Not Here opens on a quote by poet Jason Shinder: “Let me keep on describing things to be sure they happened.” By the end, the reflective power of writing seems to have guided the speaker to a higher place from which to view his rich relationship with his mother.
“It’s not my job to speak for them, but it’s weird, like—” Nguyen detours for a moment. “I wonder why people are listening to me, you know?”
Courtesy Hieu Minh Nguyen
Slam in the Cities
By coincidence, that impactful Central High School theater community counted acclaimed St. Paul poet Danez Smith among its members at the same time as Nguyen. Now, both have won Ruth Lilly and Dorothy Sargent Rosenberg Fellowships (Smith in 2014), both have been published by BuzzFeed, both represent Twin Cities poetry, and both are good friends.
“Sad,” Smith says by phone, describing Nguyen’s poetry deadpan before breaking into a laugh. “Dark. But I think it’s really brave. Probing the darker feelings, and even the darker humors, of love and relationships and family.”
Also like Smith, Nguyen coinhabits the wide-armed slam community at the same time as the cloistered publishing world. (Not Here came out of Minneapolis’ Coffee House Press.)
It’s clear where Nguyen’s loyalty is stronger. “I think it’s the job of these circles that position themselves as part of academia, or these elite circles, to open up and make space for these young people, who are often better than them,” he laughs. “Like, no lie. Some of these young people are some of the best writers I’ve ever met in my life.”
For Nguyen, slam took hold through Be Heard MN. The youth poetry series is part of Twin Cities nonprofit TruArtSpeaks, teaching social justice through spoken word. At 17, Nguyen made the team competing at the Brave New Voices festival in D.C., after not passing the qualifying rounds the year before.
“I discovered that there’s this whole world of poetry out there,” he says. “It wasn’t just kids in Minneapolis; it was a festival of young people from all over the world.”
One of Nguyen’s coaches, Minneapolis hip-hop artist and two-time National Poetry Slam champ Kyle “Guante” Tran Myhre, helped Nguyen matriculate into the adult slam scene.
“I don’t think I was ever much of a ‘coach’ in the sense of imparting any deep poetic lessons; Hieu’s always been a better writer than me,” Tran Myhre said in an email. “His work is so well-crafted and thoughtful on a line-by-line level, while I still hear the kind of tension-and-release, setup-punchline, structural tactics that make the best performance poetry so memorable.”
Examples of Nguyen’s prowess span YouTube. At a public reading hosted by St. Paul’s Button Poetry in 2017, Nguyen, wearing a black T-shirt and a black cap, is almost swallowed by the darkness onstage. His spotlighted face shines out: “All my life, I’ve watched my mother contemplate an exit.”

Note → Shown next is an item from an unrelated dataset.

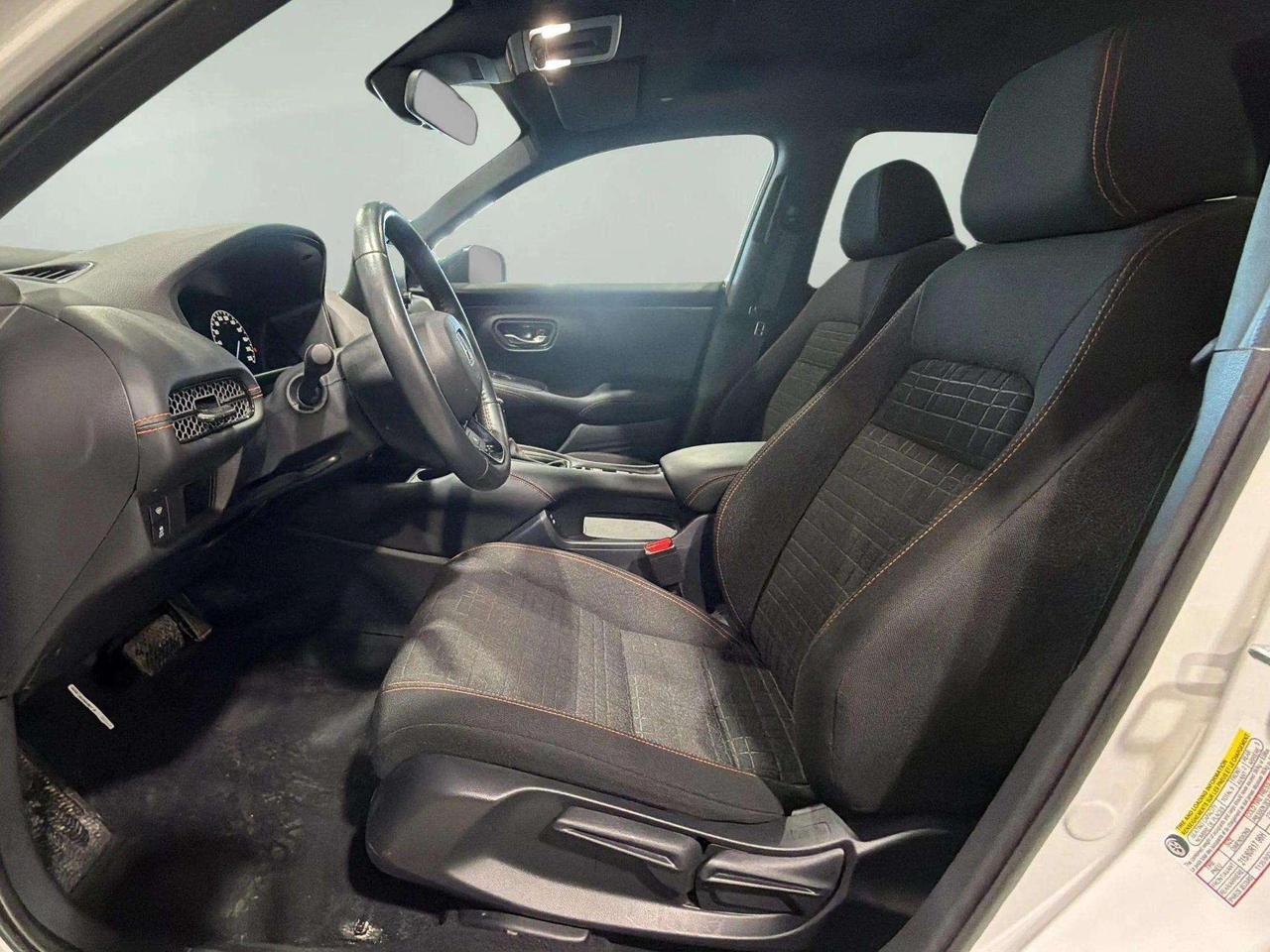 2024 Honda HR-V SPORT-B | CLEAN CARFAX| SUNROOF | CARPLAY| AWD Photo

He looks into the audience as he might the eyes of a friend. “If joy is what tethers us to this life, then most days, my mother & I float above the pavement, tied together by the fraying threads of her nightgown.” The best slam works on a relatable wavelength, and we understand the flickering eye roll at the end when he says, “I feel most like her son when I am lonely—a child again, dragged by her to a party I enjoyed, then stopped enjoying.”
But Nguyen knows how to blend spoken word—raw, direct—with complex imagery, the kind we typically tolerate only if it’s sitting on the page: “In our future, there are two cabs idling in the driveway, which is a cowardly way of saying, I cannot kill myself until my mother dies.”
This poem, “Notes on Staying,” closes Not Here, and, performed, it ends with Nguyen storming offstage after a pithy burst: “…since there was no key, I guess I’ll swallow the door.”
COURTESY BUTTON POETRY/YOUTUBE
In new work, Nguyen has been examining where he got started.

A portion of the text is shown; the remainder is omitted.